Evaluations of health hazards in two care settings.

HOSPITAL WARD

My first care setting is an Adult Medical Ward in Stepping Hill Hospital, Stockport. It has twenty-five beds, which are usually full. The clients’ ages range from eighteen upward. Older people (70+) are the majority of the clients received by this ward.

Clients also vary in physical ability from completely immobile to amputees, stroke victims, unsteady and slow, to completely mobile. Another factor, which requires consideration, is the intellectual ability. For example, those with learning difficulties, impaired hearing, resulting in poor communication, confused clients from either illness or medication to these who are lucid and orientated. Being an Adult Ward certain presumptions are made with regards to intelligence and common sense, for example, plug sockets are not covered with safety caps as you may find on a Children’s Ward or nursery.         However there are many other obvious and subtle risks present.

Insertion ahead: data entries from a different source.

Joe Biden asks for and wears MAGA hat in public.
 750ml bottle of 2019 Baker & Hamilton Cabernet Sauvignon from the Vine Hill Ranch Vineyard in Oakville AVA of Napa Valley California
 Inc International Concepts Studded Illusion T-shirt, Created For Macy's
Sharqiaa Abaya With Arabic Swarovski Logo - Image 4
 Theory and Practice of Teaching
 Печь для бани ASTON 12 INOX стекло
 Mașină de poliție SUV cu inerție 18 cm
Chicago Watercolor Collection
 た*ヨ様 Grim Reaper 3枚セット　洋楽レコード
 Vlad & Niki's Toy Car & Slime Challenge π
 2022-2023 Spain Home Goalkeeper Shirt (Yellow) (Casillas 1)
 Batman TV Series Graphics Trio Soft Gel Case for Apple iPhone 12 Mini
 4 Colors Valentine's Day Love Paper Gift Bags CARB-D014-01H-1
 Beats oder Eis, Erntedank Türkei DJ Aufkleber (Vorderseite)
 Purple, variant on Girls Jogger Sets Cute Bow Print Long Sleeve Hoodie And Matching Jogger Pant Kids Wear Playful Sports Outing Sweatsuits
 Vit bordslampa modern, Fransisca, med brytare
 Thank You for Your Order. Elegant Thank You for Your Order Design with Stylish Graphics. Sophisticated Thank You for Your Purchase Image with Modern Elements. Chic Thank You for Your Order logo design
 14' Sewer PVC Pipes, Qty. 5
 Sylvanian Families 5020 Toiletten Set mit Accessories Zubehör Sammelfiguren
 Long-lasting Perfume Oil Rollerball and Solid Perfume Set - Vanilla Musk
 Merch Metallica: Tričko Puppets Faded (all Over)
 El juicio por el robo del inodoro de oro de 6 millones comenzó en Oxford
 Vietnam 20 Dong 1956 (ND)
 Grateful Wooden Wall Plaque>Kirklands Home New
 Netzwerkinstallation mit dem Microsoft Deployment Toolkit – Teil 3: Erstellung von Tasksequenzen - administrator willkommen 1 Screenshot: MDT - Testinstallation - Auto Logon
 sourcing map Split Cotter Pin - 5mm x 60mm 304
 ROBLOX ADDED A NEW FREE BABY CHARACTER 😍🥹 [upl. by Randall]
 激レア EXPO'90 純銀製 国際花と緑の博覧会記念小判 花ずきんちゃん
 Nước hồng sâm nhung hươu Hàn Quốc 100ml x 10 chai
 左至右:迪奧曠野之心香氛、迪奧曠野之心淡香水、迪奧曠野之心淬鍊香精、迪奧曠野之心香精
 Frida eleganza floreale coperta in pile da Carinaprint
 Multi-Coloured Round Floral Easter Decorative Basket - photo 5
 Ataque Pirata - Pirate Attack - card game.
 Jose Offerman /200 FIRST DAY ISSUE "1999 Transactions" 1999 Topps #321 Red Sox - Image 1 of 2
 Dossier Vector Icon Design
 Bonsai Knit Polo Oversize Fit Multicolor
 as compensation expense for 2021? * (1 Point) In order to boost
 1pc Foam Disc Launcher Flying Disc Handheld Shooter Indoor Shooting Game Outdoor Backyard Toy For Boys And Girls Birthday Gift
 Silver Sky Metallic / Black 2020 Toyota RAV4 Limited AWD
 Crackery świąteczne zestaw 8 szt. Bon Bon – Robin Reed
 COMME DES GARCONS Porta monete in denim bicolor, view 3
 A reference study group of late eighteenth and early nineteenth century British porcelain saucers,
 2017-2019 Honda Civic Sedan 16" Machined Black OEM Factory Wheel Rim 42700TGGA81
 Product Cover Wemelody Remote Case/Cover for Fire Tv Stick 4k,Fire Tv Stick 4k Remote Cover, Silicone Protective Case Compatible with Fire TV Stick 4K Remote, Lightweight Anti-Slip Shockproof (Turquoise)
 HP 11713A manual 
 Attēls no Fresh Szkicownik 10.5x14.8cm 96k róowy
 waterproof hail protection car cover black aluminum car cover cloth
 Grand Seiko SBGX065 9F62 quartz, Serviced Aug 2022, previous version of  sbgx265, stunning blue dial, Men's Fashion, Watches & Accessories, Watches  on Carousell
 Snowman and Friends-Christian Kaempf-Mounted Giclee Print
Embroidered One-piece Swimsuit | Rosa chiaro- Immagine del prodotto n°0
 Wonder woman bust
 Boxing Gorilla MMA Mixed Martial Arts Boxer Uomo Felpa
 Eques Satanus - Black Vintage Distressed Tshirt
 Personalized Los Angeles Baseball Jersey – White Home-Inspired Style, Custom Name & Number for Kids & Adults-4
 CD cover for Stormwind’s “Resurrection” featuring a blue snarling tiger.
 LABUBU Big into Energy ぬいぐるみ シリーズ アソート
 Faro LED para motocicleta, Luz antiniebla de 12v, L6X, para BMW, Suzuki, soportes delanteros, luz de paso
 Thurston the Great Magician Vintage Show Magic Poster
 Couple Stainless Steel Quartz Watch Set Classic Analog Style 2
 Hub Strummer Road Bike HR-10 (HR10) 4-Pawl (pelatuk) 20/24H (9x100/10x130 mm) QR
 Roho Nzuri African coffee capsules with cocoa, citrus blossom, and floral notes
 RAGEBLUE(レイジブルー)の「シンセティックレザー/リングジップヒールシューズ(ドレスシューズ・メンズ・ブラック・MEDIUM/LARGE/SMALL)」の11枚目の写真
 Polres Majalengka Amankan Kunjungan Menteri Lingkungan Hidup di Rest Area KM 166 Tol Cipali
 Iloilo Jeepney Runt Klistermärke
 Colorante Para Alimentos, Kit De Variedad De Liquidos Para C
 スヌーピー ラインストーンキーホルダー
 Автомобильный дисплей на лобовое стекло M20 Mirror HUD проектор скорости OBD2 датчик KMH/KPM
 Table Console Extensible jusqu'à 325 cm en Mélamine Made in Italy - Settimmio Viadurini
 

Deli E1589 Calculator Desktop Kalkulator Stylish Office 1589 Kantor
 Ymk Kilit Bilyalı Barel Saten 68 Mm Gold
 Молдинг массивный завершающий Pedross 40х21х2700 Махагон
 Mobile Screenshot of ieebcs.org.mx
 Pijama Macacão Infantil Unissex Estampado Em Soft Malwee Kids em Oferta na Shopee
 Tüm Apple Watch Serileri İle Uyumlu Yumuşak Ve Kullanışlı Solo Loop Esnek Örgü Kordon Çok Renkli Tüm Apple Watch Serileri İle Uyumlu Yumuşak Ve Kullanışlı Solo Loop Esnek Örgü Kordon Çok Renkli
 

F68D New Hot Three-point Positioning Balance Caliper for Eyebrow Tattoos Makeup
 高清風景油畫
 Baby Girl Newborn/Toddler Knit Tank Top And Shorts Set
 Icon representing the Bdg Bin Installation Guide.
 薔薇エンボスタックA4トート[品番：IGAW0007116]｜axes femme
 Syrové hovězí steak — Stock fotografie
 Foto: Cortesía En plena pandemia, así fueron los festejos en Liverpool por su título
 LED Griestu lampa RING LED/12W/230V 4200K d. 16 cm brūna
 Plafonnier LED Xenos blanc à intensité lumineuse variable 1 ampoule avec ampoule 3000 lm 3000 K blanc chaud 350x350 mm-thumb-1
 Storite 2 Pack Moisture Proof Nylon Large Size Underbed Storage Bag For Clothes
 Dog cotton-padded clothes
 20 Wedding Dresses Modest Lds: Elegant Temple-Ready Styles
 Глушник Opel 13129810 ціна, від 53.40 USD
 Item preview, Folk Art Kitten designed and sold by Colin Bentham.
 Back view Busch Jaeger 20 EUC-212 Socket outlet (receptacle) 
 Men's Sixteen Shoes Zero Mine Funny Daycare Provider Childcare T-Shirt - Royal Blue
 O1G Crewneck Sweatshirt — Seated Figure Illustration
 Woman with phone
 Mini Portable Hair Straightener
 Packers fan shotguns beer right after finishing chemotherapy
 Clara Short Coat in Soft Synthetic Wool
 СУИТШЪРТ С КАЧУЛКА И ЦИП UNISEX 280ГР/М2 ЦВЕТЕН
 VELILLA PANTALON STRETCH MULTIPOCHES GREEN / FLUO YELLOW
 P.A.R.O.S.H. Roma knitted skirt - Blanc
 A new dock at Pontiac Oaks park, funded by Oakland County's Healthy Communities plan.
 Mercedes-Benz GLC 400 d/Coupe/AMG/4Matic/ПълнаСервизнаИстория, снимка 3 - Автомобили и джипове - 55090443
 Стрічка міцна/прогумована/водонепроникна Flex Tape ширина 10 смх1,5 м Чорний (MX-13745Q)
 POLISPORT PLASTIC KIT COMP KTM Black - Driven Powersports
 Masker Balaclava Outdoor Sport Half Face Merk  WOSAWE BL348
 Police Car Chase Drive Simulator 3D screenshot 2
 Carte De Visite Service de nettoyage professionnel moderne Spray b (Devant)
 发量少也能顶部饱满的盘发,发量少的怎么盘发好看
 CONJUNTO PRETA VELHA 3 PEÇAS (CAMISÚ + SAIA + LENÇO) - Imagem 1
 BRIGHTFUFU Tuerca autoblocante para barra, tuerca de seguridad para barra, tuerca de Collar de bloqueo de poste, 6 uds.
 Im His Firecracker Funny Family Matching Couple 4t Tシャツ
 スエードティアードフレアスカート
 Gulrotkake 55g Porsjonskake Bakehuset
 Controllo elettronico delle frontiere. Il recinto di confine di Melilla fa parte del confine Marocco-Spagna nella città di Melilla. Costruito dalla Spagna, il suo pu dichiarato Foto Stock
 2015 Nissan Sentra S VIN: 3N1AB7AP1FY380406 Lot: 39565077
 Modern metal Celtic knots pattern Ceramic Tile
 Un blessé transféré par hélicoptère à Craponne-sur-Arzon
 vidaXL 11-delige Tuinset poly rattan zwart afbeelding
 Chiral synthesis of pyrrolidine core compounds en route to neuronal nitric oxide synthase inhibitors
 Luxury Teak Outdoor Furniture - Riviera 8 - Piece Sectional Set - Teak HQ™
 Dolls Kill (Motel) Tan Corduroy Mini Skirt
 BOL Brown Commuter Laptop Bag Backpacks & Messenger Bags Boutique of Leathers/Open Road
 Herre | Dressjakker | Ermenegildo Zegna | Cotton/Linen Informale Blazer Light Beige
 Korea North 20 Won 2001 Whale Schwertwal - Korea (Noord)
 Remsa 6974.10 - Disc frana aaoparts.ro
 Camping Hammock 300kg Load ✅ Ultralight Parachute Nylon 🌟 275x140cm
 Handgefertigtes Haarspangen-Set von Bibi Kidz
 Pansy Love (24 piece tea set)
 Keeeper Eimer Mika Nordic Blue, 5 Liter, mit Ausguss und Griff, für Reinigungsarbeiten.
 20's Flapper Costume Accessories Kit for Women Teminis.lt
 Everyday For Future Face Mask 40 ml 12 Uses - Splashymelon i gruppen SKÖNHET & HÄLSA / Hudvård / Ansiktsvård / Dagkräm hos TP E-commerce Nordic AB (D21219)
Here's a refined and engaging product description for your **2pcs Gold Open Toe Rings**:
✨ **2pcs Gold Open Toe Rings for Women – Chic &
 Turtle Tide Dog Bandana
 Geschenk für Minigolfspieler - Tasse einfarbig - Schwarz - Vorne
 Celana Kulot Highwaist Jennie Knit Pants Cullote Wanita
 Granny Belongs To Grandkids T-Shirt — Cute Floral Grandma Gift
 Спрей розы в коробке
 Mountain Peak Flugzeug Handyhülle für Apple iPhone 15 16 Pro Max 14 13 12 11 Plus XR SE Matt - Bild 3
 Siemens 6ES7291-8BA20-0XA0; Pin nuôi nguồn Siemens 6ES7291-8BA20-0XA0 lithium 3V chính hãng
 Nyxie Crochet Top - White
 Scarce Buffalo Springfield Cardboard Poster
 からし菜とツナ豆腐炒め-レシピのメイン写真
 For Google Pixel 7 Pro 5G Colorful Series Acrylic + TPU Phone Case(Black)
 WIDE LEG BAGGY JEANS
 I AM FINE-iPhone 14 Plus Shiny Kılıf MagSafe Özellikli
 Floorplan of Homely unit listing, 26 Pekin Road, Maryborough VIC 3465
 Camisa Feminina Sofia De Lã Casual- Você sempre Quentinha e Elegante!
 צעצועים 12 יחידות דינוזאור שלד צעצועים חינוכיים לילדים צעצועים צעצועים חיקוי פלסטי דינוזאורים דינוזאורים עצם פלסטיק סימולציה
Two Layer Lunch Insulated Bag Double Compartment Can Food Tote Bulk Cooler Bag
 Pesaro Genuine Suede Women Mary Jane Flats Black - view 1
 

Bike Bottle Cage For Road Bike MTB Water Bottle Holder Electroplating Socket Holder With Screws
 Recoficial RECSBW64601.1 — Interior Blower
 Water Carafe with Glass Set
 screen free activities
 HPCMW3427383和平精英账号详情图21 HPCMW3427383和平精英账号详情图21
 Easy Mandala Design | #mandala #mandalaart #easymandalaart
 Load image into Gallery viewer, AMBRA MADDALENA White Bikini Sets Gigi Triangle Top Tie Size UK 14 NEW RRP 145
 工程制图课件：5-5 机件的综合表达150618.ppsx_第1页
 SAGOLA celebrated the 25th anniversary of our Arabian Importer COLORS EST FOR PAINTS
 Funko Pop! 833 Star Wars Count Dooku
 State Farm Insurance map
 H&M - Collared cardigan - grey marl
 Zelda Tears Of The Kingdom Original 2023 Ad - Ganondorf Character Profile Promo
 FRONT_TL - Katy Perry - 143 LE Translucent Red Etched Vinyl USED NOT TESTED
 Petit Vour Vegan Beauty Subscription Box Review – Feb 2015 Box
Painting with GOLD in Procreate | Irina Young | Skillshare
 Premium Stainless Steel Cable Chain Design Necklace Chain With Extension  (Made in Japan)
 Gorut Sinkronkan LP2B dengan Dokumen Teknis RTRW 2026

RISKS AND HAZARDS (ON HOSPITAL WARD)

Slippery Floors.

  • Due to hygienic lino flooring.
  • Due to spilt fluids.

Burns.

  • Due to hot drinks.
  • Due to hot food.
  • Due to cleaning chemicals.
  • Due to very hot water for cleaning to prevent cross infection which however increases the risks of burns.

Risk of Falls.

Cross Infection.

Drug Misuse.

  • Drugs sometimes left next to patient’s beds.

Notice Board above Bed.

  • Get well cards attached with drawing pins presenting further hazards.

Electrocution.

  • Vases of water stood next to electrical equipment.
  • Risk of faulty electrical equipment.

Risk of Fire.

Shelves in Day Room.

  • Overfilled and books are stored unsafely.
  • Shelves are wall mounted with chairs below presenting another series of hazards.

 

HAZARDS IN DEPTH.

Falls.

  • With the majority of clients being elderly, they are more likely to be unsteady on their feet and may suffer from giddy or dizzy spells. They are also more likely to have failing or poor eyesight. They cannot often turn quickly and when they do, they can momentarily lose their balance. They are particularly prone to falls as they are less likely to be able to steady themselves if they trip over an obstacle in their path. Older people are also more likely to suffer injury (particularly fractures) as their bones are more brittle.

Risks and Causes.

  • A large number of people and equipment in one place.
  • Bags of belongings lying around.
  • Patients clothing i.e. trousers too long, dressing gown belts.
  • Telephone cables across the floor.
  • Variety of equipment and furniture obstructing walkways.
  • Leads and cables from air mattresses and equipment lying on the floor.
  • Unstable furniture.
  • Mobility aids obstructing walkways and bedsides.
  • Bathrooms, showers and toilets inevitably wet and damp creating slippery surfaces: a dramatic increase of risks presented due to confined spaces and hard surfaces, i.e. sinks, baths, taps, toilet roll holders etc.
  • I.V. stands.
  • Dinamaps.
  • Visitor’s chairs or client’s chairs.
  • Clients personal ability.
  • Visitors and their belongings, i.e. handbags and coats.
  • Children visiting.
  • Broken or uneven flooring.
  • Inadequate footwear, socks or barefoot.
  • Poor lighting at night.
  • Unfamiliar surroundings.    

PREVENTATIVE MEASURES.                                                   

(including strengths, weaknesses and suggested improvements.)

Although attempts can be made to limit and prevent hazards, a balance has to be struck. The best solution to one hazard can often create a myriad of other hazards.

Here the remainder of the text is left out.